#### [Work required]
Only one stretch of the data below is needed: the line with "Used 2020 Kia" through the last line. Output it exactly and drop the pictures.

#### [Records contained in a dataset]
======
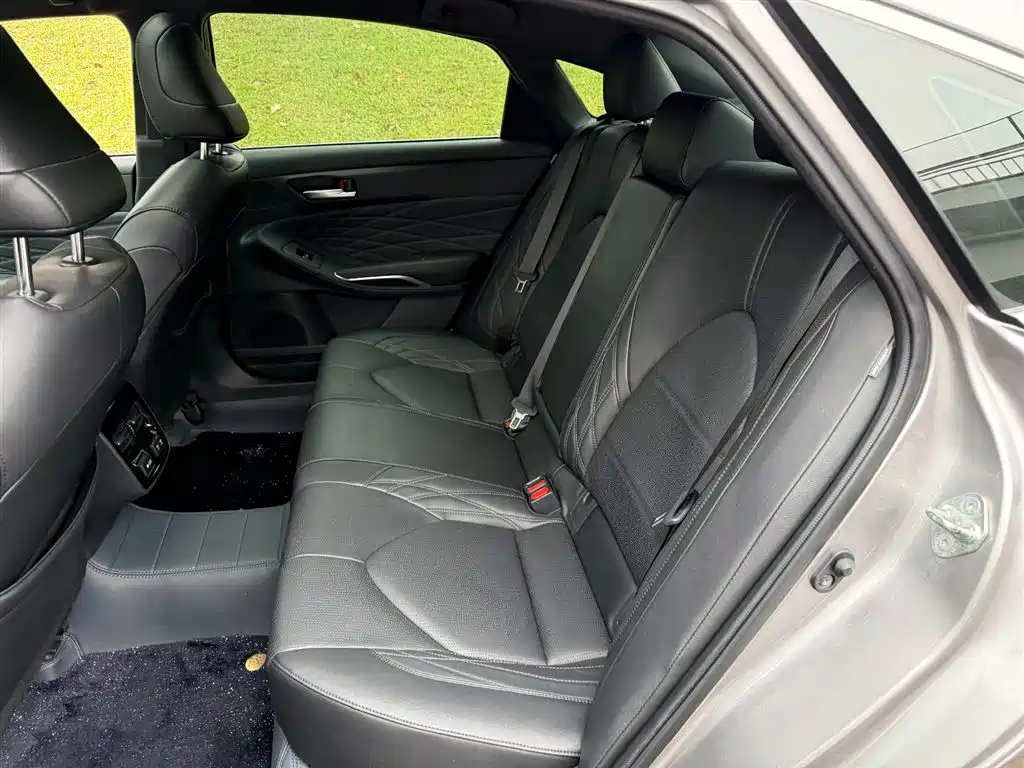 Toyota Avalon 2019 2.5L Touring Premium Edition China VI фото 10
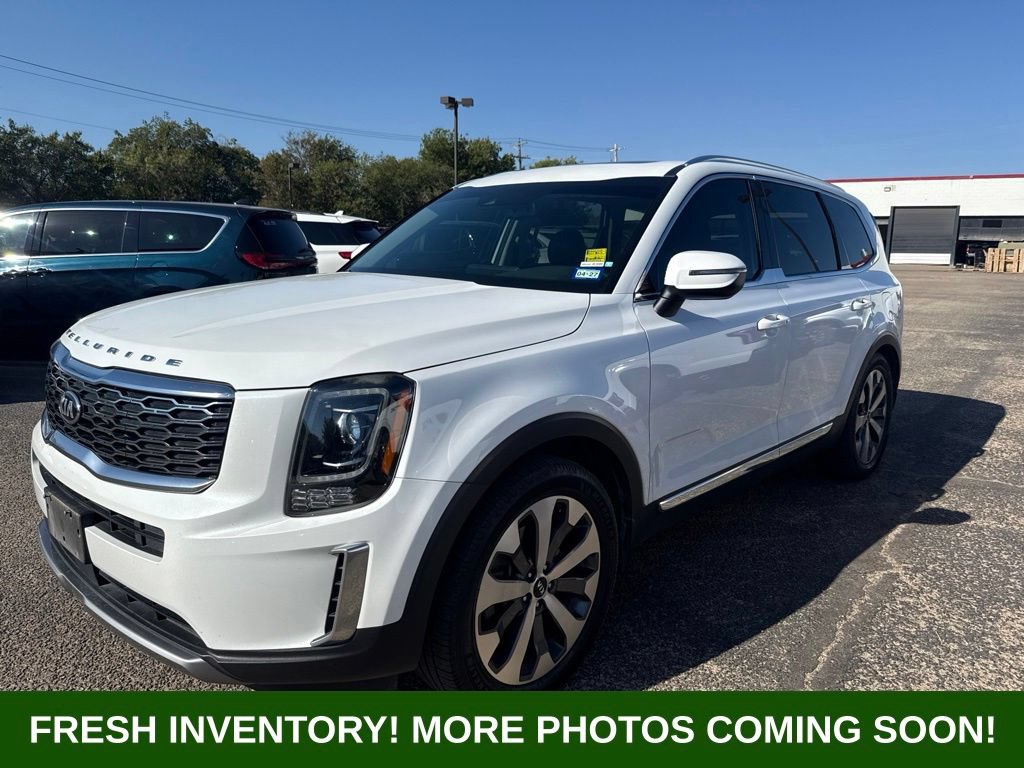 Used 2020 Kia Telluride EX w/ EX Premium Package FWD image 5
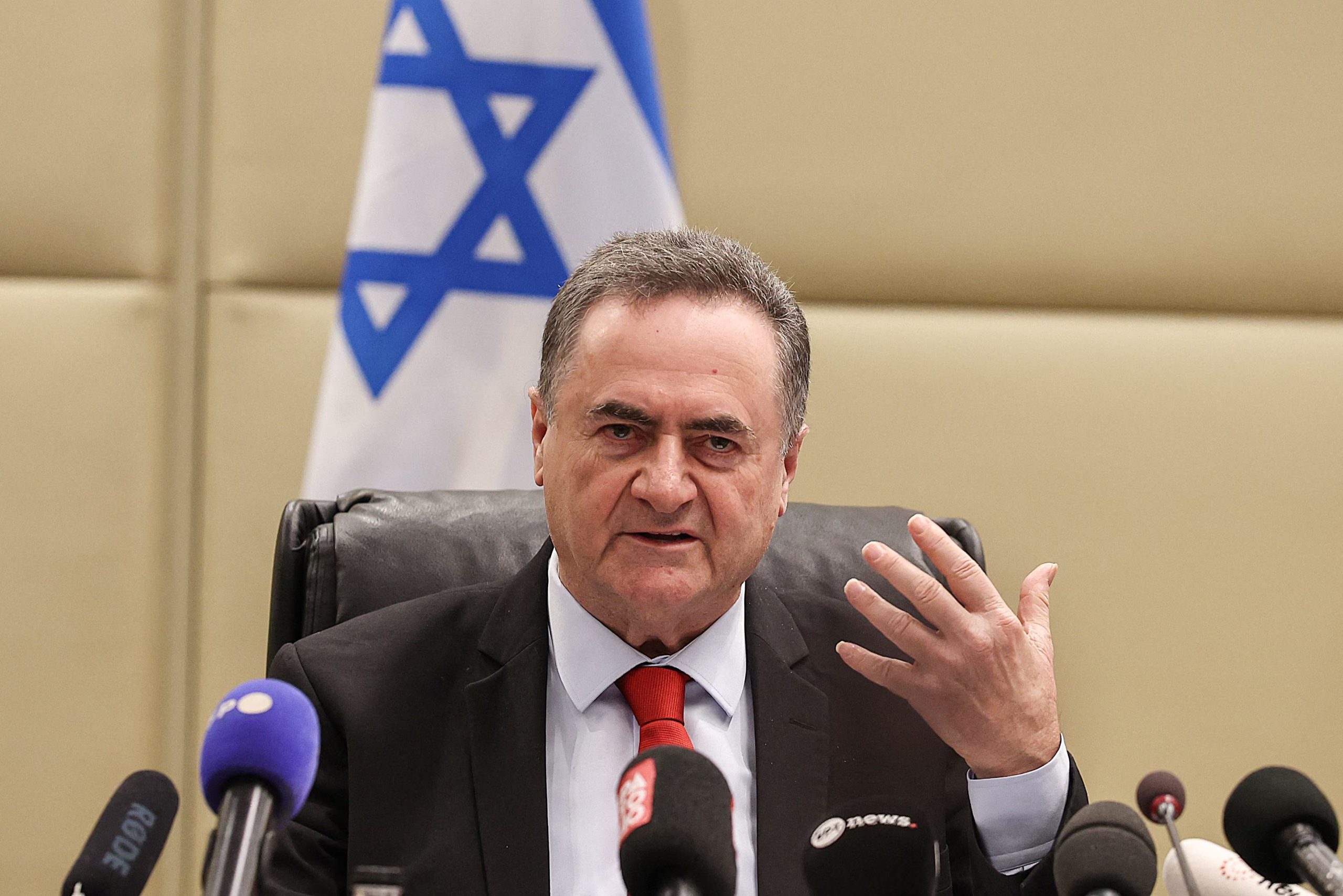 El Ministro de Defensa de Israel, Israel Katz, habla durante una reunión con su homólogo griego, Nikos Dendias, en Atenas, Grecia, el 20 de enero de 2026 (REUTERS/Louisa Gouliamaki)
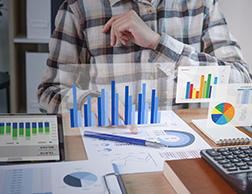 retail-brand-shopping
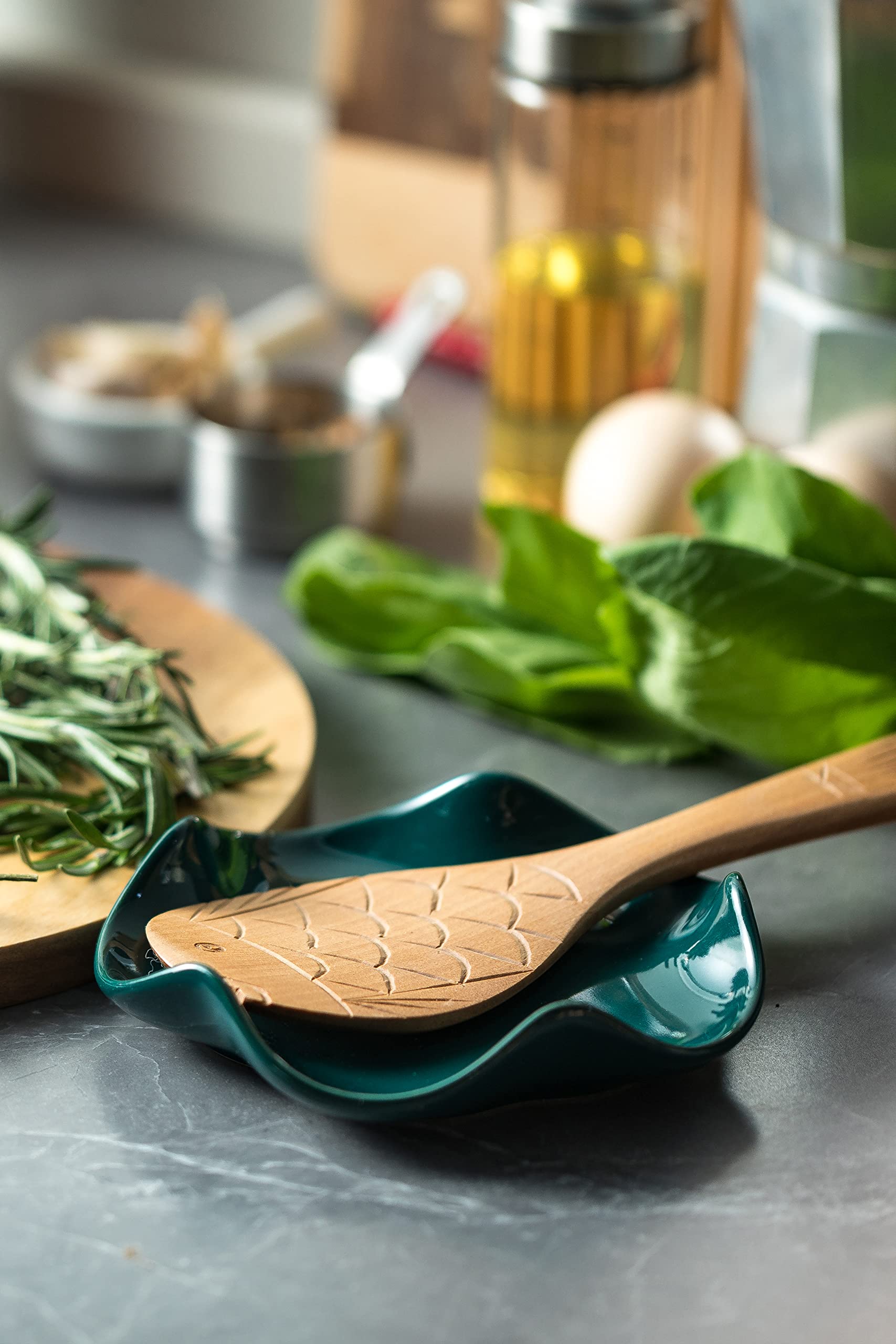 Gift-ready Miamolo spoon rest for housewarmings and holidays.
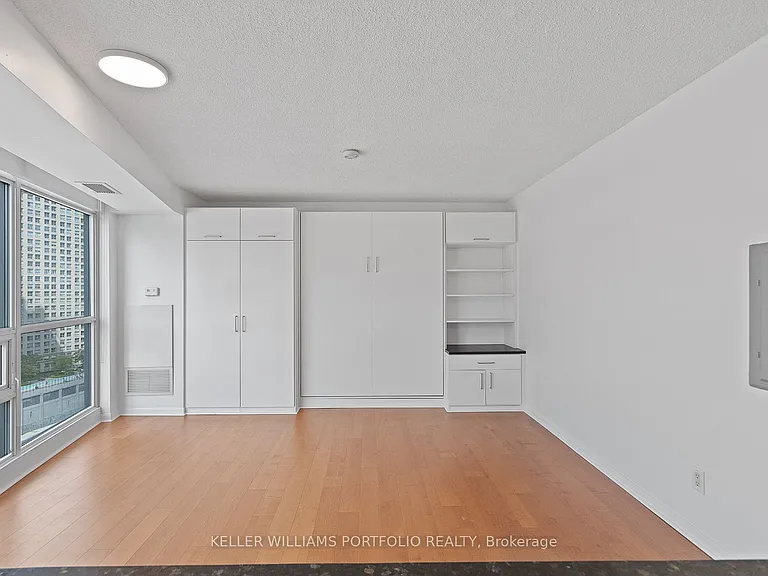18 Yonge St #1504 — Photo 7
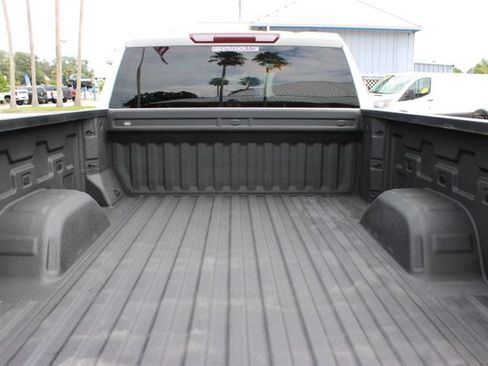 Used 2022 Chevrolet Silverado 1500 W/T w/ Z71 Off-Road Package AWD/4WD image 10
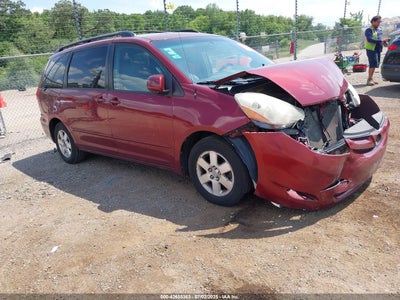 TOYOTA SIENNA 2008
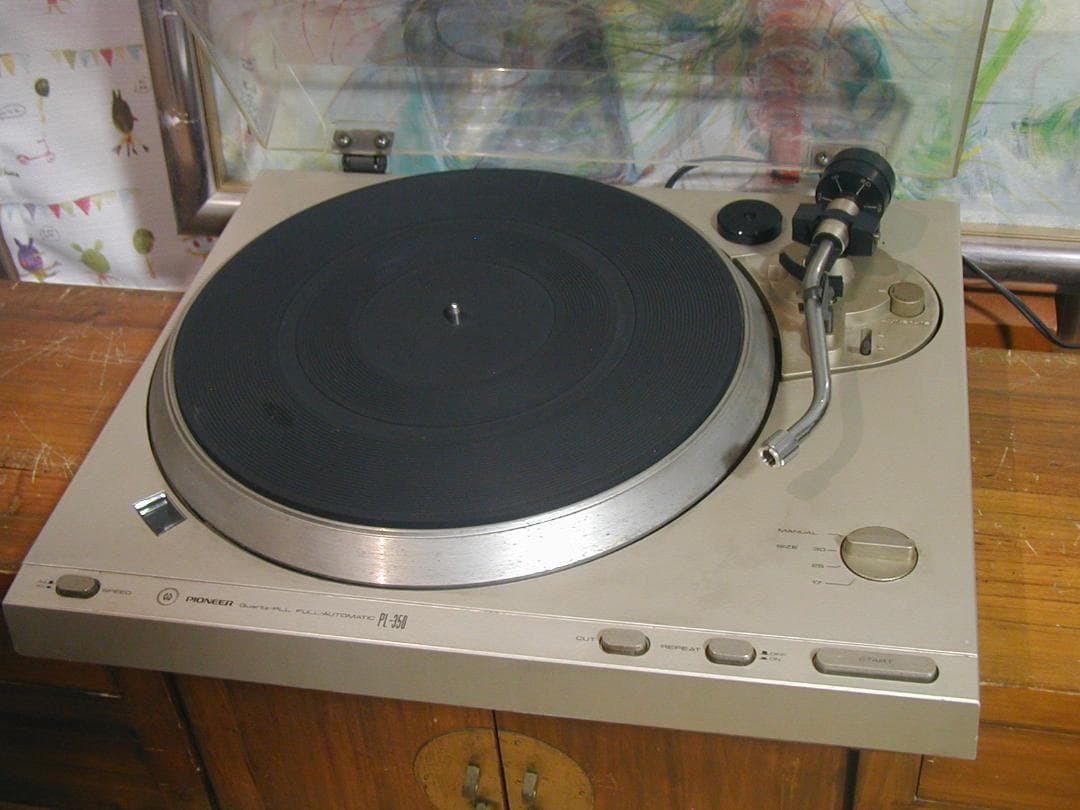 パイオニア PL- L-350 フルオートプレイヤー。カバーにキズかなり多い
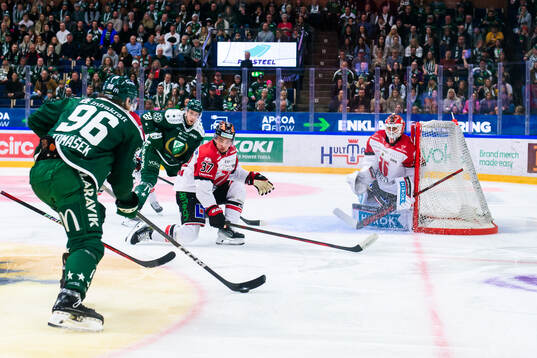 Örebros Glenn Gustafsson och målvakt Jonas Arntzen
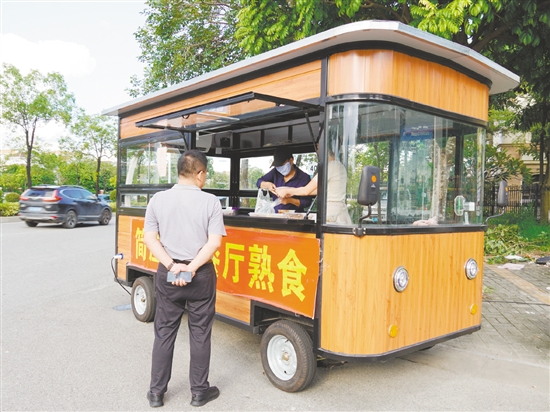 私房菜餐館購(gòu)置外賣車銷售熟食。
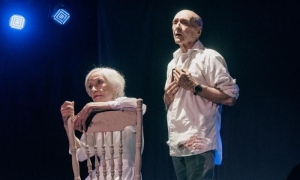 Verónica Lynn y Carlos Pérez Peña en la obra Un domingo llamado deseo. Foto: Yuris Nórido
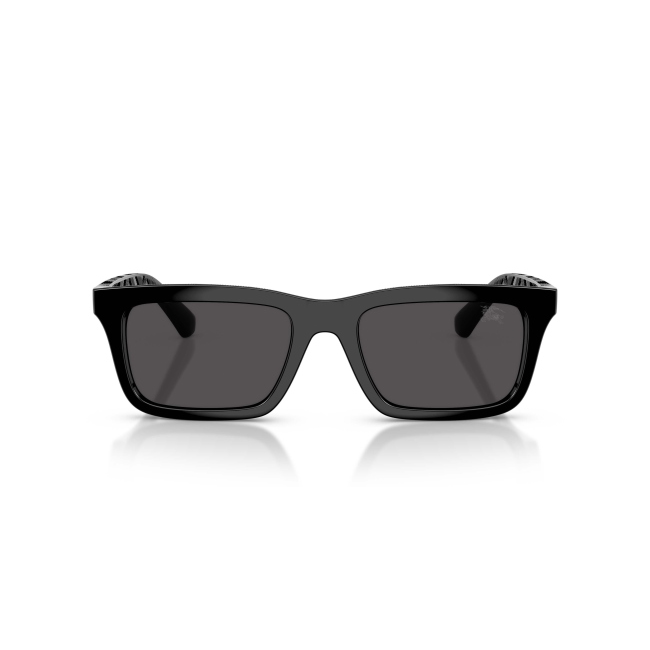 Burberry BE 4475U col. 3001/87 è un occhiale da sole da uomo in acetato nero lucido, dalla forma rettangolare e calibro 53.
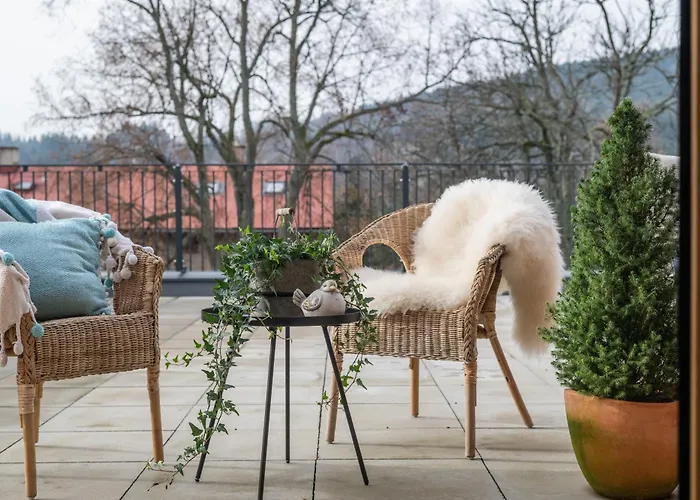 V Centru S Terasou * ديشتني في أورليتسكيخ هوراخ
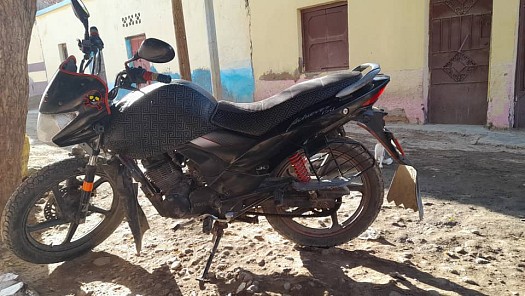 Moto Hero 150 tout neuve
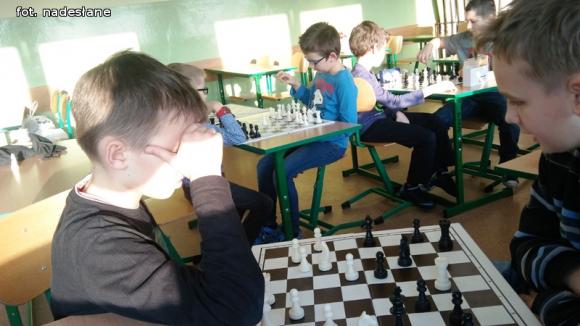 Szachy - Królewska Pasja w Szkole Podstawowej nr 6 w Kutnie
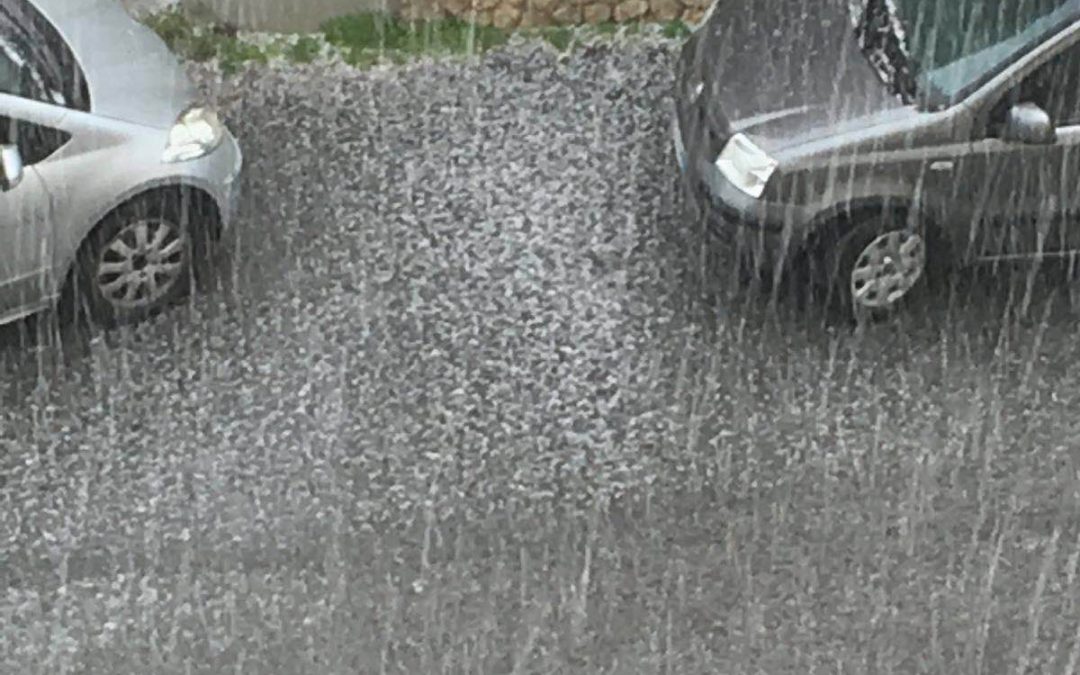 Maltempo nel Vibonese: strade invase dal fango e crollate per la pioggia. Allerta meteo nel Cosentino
======
#### [Result for this task]
 Used 2020 Kia Telluride EX w/ EX Premium Package FWD image 5
 El Ministro de Defensa de Israel, Israel Katz, habla durante una reunión con su homólogo griego, Nikos Dendias, en Atenas, Grecia, el 20 de enero de 2026 (REUTERS/Louisa Gouliamaki)
 retail-brand-shopping
 Gift-ready Miamolo spoon rest for housewarmings and holidays.
18 Yonge St #1504 — Photo 7
 Used 2022 Chevrolet Silverado 1500 W/T w/ Z71 Off-Road Package AWD/4WD image 10
 TOYOTA SIENNA 2008
 パイオニア PL- L-350 フルオートプレイヤー。カバーにキズかなり多い
 Örebros Glenn Gustafsson och målvakt Jonas Arntzen
 私房菜餐館購(gòu)置外賣車銷售熟食。
 Verónica Lynn y Carlos Pérez Peña en la obra Un domingo llamado deseo. Foto: Yuris Nórido
 Burberry BE 4475U col. 3001/87 è un occhiale da sole da uomo in acetato nero lucido, dalla forma rettangolare e calibro 53.
 V Centru S Terasou * ديشتني في أورليتسكيخ هوراخ
 Moto Hero 150 tout neuve
 Szachy - Królewska Pasja w Szkole Podstawowej nr 6 w Kutnie
 Maltempo nel Vibonese: strade invase dal fango e crollate per la pioggia. Allerta meteo nel Cosentino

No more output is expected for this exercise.